Clock Speed: Tell Me When it Hertz
Jargon explained: clock, megahertz/gigahertz, cycle
Computer performance is a traffic problem, moving data and instructions from memory and around inside the chip. Most people think of “traffic” in terms of cars and highways. However, there is a more relevant traffic analogy that everyone experienced before they learned to drive.
Students have been sitting in class for a long time. Finally the bell rings throughout the school signaling the end of the current period. Everyone gets up and moves through the hall to their next classroom. After a few minutes the bell rings again to signal the start of the next period. The bell has to ring everywhere in the school at the same time to coordinate movement. Without the bell, some classes would be released early and others would be released late.
The various parts of a computer hold instructions and data. Periodically they send this data along wires to the next processing station. To coordinate this activity, the computer provides a clock pulse. The clock is a regular pattern of alternating high and low voltages on a wire. To compare this with a clock in the hall, lets say the high voltage signal is a “tick” and the low voltage signal is a “tock”. The clock speed is measured in millions per second (Megahertz) or billions per second (Gigahertz). A 100Mh PC mainboard has a clock which “ticks” and “tocks” 100 million times each second. Each tick-tock sequence is called a cycle. The clock pulse tells some circuits when to start sending data on the wires, while it tells other circuits when the data from the previous pulse should have already arrived.
A small point of notation: The standard clock speeds are some multiple of 33.3333… MHz. Three times this speed is 100 MHz. By convention, the speeds are rounded down to 33 and 66 MHz, but the fraction explains why three times a 33 MHz clock is 100 and not 99.
There are five ways to increase the processing power of a CPU or the teaching power of a High School.
- Raise the clock speed - In the analogy, this corresponds to reducing the time available for each class period. If the teacher can talk faster, and if the students behave and listen more closely, this can work up to a point. Each student gets done with the school day earlier.
- Build a Pipeline - A more complicated solution shortens the class period, but then breaks each subject into a sequence of steps. If it takes 45 minutes to cover Algebra, and that time cannot be reduced, then the subject could be covered in three consecutive 15 minute periods. A simpler subject might be covered in just one period. After all, there is no reason other than the convenience of scheduling why every every class for every subject lasts the same period of time. Students get done quicker, but only if some of the subjects are light weight.

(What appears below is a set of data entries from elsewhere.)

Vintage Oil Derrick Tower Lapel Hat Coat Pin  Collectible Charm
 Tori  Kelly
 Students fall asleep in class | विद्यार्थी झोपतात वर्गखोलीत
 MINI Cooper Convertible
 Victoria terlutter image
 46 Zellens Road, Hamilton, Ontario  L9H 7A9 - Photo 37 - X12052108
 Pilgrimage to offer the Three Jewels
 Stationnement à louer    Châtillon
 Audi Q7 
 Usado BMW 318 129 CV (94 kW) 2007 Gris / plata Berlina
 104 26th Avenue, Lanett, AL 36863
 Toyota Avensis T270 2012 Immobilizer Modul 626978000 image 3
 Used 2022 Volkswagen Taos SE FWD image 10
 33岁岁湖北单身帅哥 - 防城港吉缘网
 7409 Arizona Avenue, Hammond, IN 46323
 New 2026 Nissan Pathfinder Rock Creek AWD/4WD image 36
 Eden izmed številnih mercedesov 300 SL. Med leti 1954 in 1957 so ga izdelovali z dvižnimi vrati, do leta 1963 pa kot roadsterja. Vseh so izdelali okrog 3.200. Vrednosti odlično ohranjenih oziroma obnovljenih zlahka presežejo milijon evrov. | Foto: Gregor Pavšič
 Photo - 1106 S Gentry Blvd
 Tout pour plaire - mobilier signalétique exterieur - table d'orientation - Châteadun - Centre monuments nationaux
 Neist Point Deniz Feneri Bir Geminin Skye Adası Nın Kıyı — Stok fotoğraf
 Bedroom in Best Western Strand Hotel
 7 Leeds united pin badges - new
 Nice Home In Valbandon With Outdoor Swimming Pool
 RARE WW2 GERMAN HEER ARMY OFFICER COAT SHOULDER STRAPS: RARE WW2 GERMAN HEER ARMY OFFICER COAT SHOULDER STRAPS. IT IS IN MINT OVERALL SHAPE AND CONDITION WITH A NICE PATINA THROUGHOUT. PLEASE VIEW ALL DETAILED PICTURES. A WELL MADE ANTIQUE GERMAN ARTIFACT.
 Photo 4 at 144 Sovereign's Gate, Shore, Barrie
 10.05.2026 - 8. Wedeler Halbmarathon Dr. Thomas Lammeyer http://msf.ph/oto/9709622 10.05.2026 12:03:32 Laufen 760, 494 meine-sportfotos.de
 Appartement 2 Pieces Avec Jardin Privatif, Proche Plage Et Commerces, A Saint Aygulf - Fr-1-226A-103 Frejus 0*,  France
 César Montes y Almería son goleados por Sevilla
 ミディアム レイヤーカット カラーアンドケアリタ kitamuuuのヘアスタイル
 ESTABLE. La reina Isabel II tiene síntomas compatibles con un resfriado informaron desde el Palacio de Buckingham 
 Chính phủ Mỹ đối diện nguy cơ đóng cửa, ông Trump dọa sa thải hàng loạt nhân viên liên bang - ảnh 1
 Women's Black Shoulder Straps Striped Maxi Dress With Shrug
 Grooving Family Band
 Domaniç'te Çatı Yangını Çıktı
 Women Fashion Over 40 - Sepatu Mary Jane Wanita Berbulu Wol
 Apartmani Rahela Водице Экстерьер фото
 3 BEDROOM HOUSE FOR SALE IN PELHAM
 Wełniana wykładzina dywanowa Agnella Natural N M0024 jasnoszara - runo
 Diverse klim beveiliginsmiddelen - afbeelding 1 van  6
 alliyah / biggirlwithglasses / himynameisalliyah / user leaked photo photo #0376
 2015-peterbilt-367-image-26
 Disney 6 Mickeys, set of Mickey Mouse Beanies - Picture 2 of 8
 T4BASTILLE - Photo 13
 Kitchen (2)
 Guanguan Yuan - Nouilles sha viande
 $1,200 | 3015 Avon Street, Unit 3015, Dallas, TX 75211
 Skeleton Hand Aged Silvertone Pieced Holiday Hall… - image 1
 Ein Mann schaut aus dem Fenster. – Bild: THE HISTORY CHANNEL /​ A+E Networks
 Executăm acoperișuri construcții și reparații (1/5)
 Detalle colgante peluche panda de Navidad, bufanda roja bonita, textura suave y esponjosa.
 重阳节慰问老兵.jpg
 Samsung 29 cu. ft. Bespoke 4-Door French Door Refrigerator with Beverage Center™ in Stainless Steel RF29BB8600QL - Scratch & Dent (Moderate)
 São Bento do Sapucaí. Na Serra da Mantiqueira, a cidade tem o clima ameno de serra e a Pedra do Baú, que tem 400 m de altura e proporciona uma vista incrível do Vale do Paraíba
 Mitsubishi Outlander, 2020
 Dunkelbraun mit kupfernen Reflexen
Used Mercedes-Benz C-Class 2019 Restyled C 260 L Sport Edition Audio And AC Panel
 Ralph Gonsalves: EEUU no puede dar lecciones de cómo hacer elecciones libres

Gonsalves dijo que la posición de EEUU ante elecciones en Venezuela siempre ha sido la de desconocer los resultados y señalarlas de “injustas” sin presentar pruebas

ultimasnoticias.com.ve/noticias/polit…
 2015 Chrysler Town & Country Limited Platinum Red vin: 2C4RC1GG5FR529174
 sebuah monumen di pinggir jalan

- Parallelism - Add more classrooms and more students. No one student learns anything faster, but at the end of the day the school has taught more people in the same amount of time. Of course, this only works if you have more students in the school district to teach.
- Class Size - double the number of students in each classroom. High Schools don’t like to do this. Computers, however, can easily switch from 32 to 64 bit operations. This will not effect most programs, but the particular applications that need processing power (games, multimedia) can be distributed in a 64 bit form to get more work done per operation.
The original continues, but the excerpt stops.